Background information
- Born: Christopher August Megert March 20, 1982 (age 44)
- Origin: Garland, Texas, U.S.
- Genres: CCM
- Occupation: Singer/Songwriter
- Years active: 2004–present
- Label: Fervent

= Chris August =

Christopher August Megert (born March 20, 1982), known professionally as Chris August, is an American Contemporary Christian musician.

August began recording as a secular musician before switching to Christian music. His song "Starry Night" reached No. 1 on the Billboard Christian Songs chart in 2010/2011. He was nominated at the 2011 Dove Awards in five categories, including Best New Artist and Song of the Year.

==Career==
August began recording music in his early teens after his father built a studio in their home in Garland, Texas. He became a Christian when he turned 15 years old and began to record music.

August continued to practice and release his first self-produced album A Beautiful Thing as a 22-year-old under the name Chris Megert and the Love Jones. The album was found by Ryan Cabrera who guided August to a new manager, Jessica Simpson's father Joe Simpson.
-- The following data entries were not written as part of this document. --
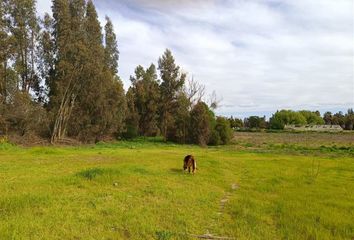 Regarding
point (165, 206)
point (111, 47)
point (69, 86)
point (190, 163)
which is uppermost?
point (111, 47)

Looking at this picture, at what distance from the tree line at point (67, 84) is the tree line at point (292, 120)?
269 feet

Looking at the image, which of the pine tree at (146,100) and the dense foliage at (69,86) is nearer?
the dense foliage at (69,86)

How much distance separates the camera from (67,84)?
1598 inches

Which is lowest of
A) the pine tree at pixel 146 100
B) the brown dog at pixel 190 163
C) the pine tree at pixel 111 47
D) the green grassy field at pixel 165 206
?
the green grassy field at pixel 165 206

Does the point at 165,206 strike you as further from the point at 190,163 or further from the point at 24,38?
the point at 24,38

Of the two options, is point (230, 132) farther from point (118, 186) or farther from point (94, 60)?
point (118, 186)

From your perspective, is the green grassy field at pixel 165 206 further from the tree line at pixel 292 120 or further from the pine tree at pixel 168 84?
the tree line at pixel 292 120

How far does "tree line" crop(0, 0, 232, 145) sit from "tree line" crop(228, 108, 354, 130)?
3228 inches

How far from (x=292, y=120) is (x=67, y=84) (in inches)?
5458

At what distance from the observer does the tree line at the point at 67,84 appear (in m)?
36.5

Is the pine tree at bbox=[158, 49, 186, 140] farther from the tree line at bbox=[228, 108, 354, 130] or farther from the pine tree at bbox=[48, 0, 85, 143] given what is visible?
the tree line at bbox=[228, 108, 354, 130]

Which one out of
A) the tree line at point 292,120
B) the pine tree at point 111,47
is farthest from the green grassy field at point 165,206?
the tree line at point 292,120

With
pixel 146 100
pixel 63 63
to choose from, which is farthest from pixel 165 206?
pixel 146 100

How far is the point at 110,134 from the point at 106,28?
51.4 feet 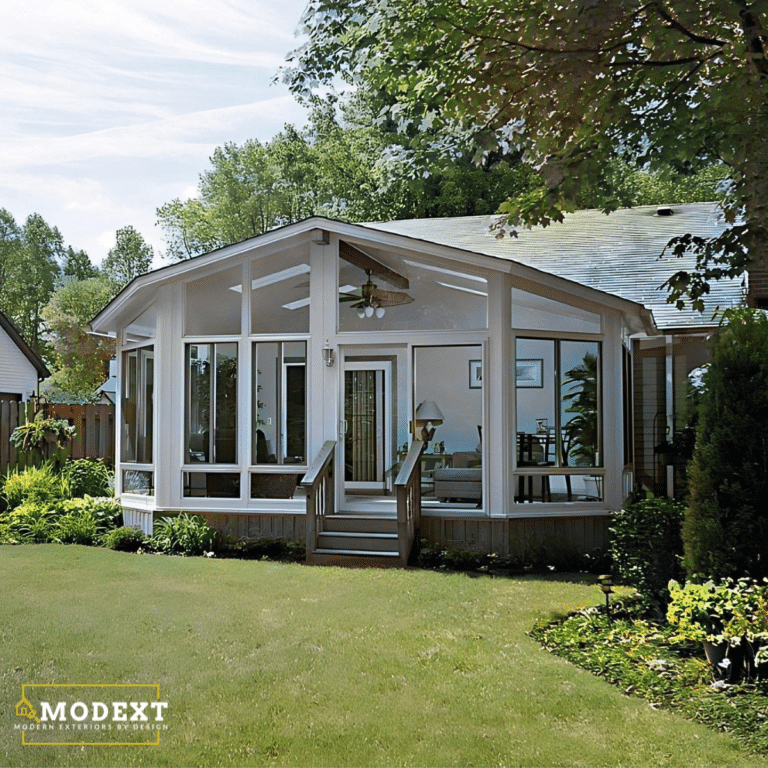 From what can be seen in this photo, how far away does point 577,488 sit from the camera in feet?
33.9

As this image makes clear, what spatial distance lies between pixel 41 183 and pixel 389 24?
4998 cm

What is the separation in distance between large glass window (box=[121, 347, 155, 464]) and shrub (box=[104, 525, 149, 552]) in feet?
3.35

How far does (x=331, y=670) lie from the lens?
5.43 m

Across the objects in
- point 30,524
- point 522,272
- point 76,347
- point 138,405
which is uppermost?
point 76,347

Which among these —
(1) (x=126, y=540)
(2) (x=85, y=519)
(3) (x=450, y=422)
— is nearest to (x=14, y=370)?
(2) (x=85, y=519)

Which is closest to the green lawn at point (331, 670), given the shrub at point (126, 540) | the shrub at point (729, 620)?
the shrub at point (729, 620)

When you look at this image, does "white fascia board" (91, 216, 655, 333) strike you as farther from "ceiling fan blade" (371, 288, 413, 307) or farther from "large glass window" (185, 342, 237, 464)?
"large glass window" (185, 342, 237, 464)

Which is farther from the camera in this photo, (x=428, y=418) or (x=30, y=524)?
(x=428, y=418)

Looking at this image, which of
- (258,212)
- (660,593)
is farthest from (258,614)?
(258,212)

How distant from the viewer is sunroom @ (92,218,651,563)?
10.0 meters

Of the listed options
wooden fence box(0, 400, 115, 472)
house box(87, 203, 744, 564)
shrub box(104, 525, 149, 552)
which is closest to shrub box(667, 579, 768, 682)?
house box(87, 203, 744, 564)

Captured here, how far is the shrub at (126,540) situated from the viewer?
10.5 meters

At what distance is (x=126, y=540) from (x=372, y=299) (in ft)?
13.9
August landed a contract with Geffen Records and he moved to Los Angeles in 2005. He helped with producing records for Brian McKnight and Jessica Simpson as well as playing keyboards on Ashlee Simpson's tour; he also played as the opening act on Ashlee Simpson's tour. August's contract with Geffen fell through while they were renegotiating his contract so he went back home to Texas.

While at home, August decided to stop working on secular projects and began to work solely on Christian music. August wrote the song "Starry Night" as a demo and he received a contract from Word Records. He recorded the album No Far Away in 2010 and the song was released as a single that year. The album peaked at No. 15 on the Christian Albums charts and No. 9 on the Heatseeker Albums.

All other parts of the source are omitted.